Articles récents \ DÉBATS \ Contributions \ Monde 3 ANS APRES LES ASSASSINATS DE SAKINE, FIDAN ET LEYLA A PARIS

Le 9 janvier 2013, Sakine Cansiz, Fidan Dogan et Leyla Saylemez étaient assassinées dans les locaux du Centre d’informations du Kurdistan en plein cœur de Paris. Trois ans après, le 28 janvier, un colloque était organisé à l’Assemblée Nationale par des organisations kurdes. Alors que la Turquie vient de tuer à l’arme chimique 60 civiles à Cizre au Kurdistan Irakien, nous publions l’intervention de Nursel Kilic, représentante du Mouvement des Femmes Kurdes en Europe.

Nous nous retrouvons ici dans un contexte d’échanges politiques et juridiques pour étudier les évolutions ainsi que les questions restées sans réponse d’un crime que nous définissons comme crime d’Etat, d’un triple meurtre de femmes engagées pour la libération de leur peuple et pour l’émancipation des femmes dans le monde.
Il est indispensable, en ce jour historique, et dans un monde où la situation politique change d’un jour à l’autre, de récapituler l’atmosphère politique dans laquelle s’est déroulé ce crime ainsi que la feuille de route employée par les commanditaires, encore à ce jour, non officiellement et complètement identifiés.
Depuis sa fondation, le mouvement de libération du Kurdistan a toujours été la cible de politiques d’éradication et de négation.

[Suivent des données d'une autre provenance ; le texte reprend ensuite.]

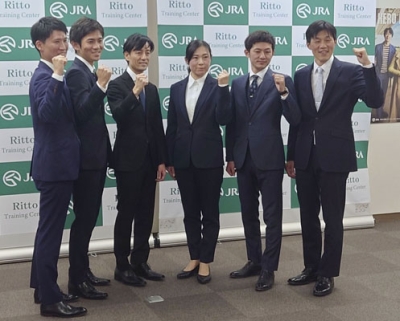写真：新規調教師免許試験に合格し、ポーズをとる前川恭子さん（右から３人目）ら＝７日、栗東トレーニングセンター
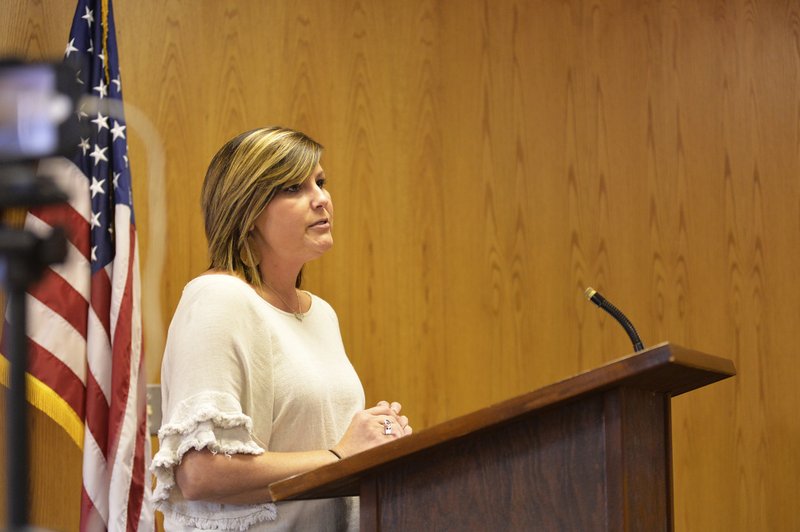 Ellie Baker, city director of economic development, informs the Magnolia City Council on details of a $150,000 grant proposal to help spur on a $2.375 million Amfuel and Department of Defense manufacturing deal. The grant was ultimately approved Thursday unanimously by the council.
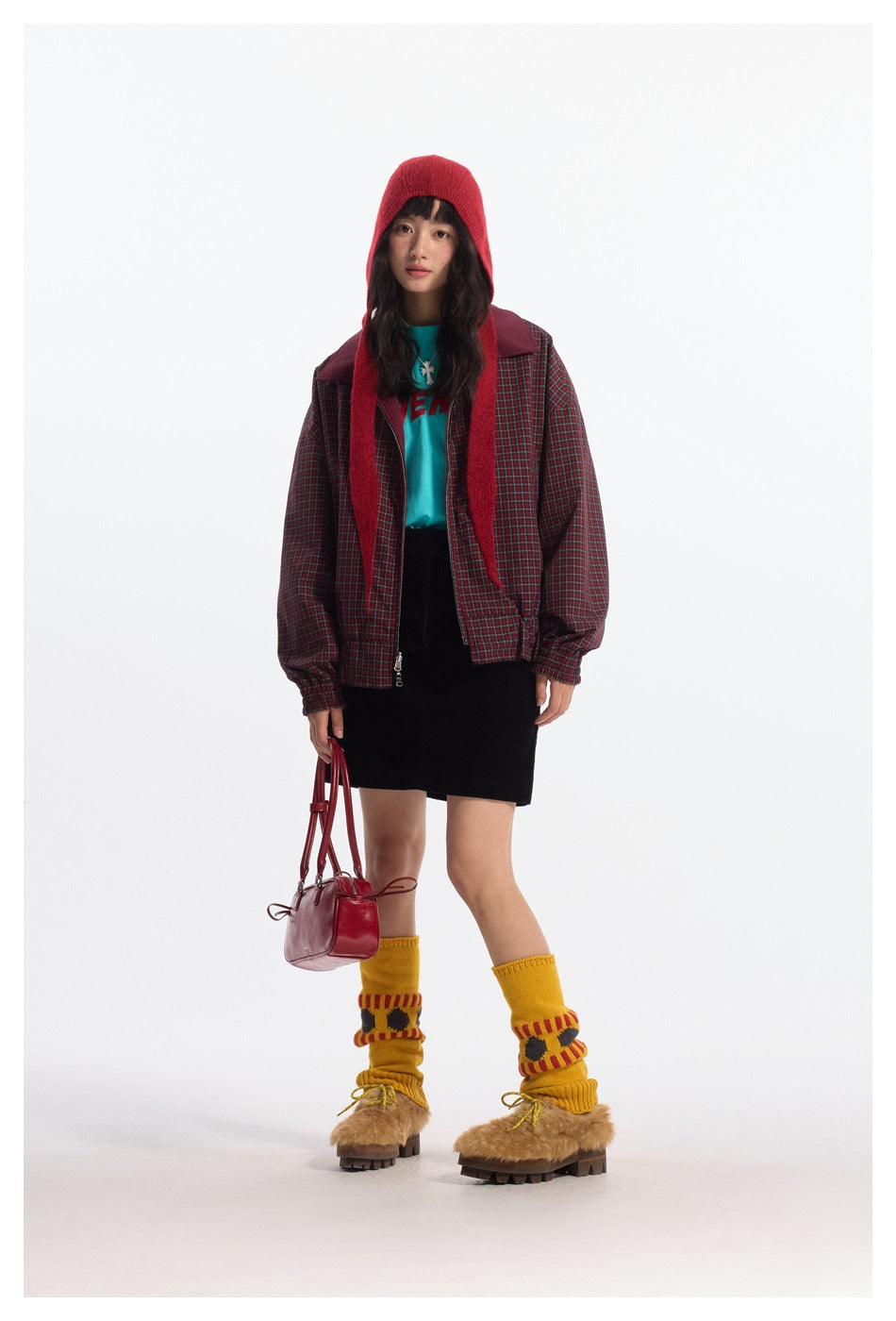 Full-length front view of a model wearing a red-and-green plaid jacket with burgundy shoulder panels and a red knit hood.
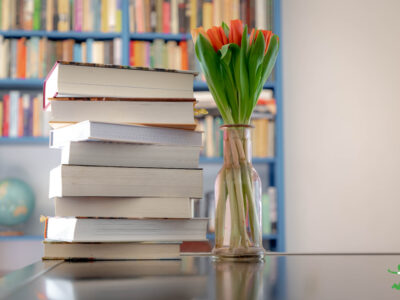 best health books stacked on table with bookshelf in background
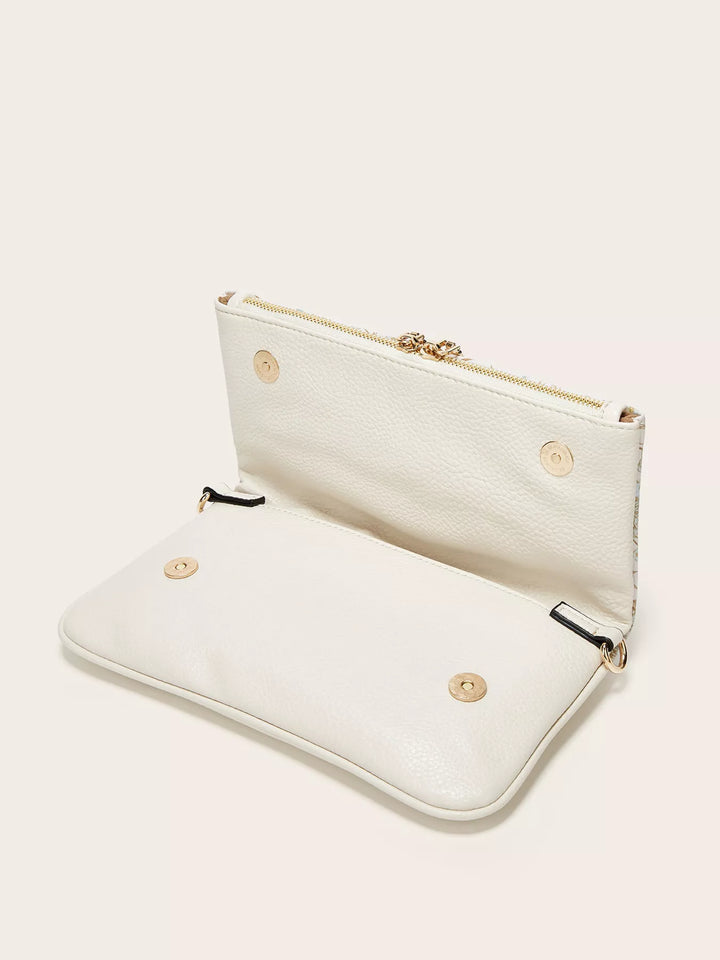 White clutch bag with gold zipper and buttons on a light beige background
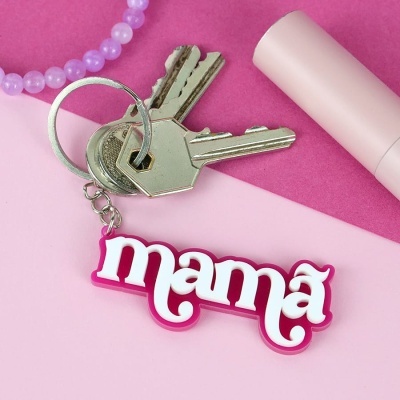 Chaveiro escrito mamã em branco com contorno rosa, junto a três chaves e objetos rosas e lilás no fundo.
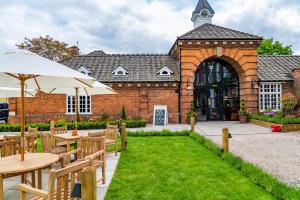 un patio esterno con tavoli e ombrelloni di fronte a un edificio di Mytton and Mermaid - Brunning and Price a Shrewsbury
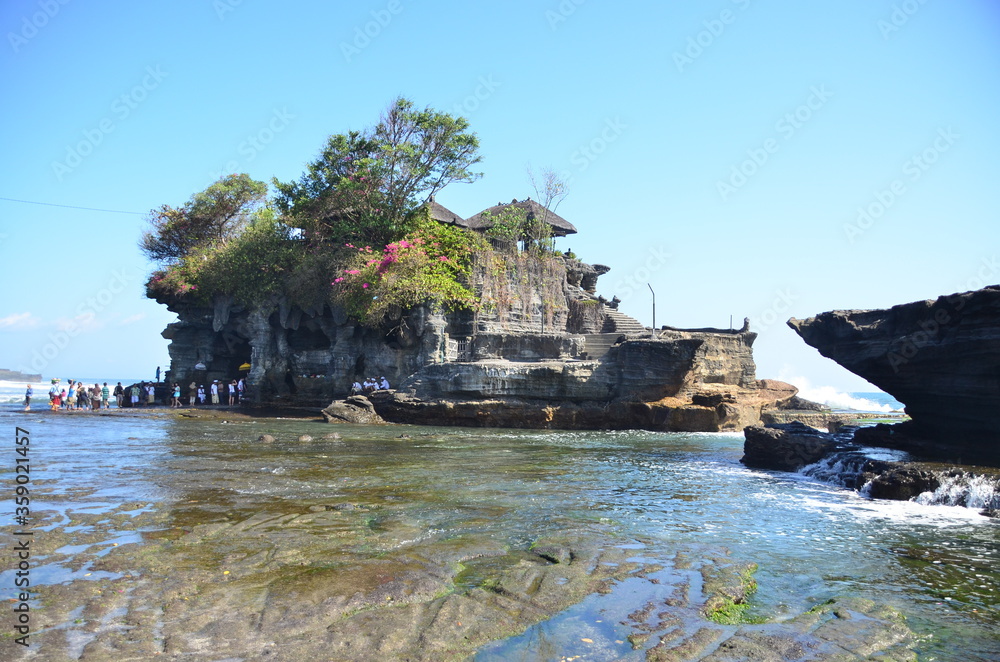 Tanah Lot is a rock formation off the Indonesian island of Bali. It is home to the ancient Hindu pilgrimage temple Pura Tanah Lot, a popular tourist and cultural icon for photography. 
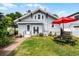 Relaxing backyard with a manicured lawn and outdoor seating area with a red umbrella at 1017 Florida Ave, St Cloud, FL 34769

Nous avons d’une part, la lutte de la juste cause d’un peuple, de l’autre les intérêts économiques et politiques des Etats Nations de la région et des forces Occidentales. A plusieurs reprises, le leader historique du Mouvement de Libération du Kurdistan, Abdullah Ocalan de la prison d’Imrali, où il se trouve actuellement incarcéré depuis plus de 16 ans, a engagé l’ouverture de pourparlers entre le PKK et les représentants du gouvernement turc de 2009 à 2011 et de 2012 à 2014. Ces pourparlers auraient pu aboutir à des négociations et à une paix durable dans la région mais ils ont toujours été rendus impossibles par de nouvelles formes de politique de destruction, de criminalisation et de négation à l’égard du peuple kurde. Ces politiques ont pour seul but d’éradiquer la volonté politique et démocratique d’un peuple qui revendique un droit humain à part entière, celui d’exister.
Qui étaient Sakine Cansiz, Fidan Dogan et Leyla Saylemez ?
Deux mois après la reprise des pourparlers, le 9 Janvier 2013, trois militantes kurdes, trois femmes kurdes engagées pour la résolution de la question kurde, trois générations de révolutionnaires et féministes avérées ont été exécutées à Paris.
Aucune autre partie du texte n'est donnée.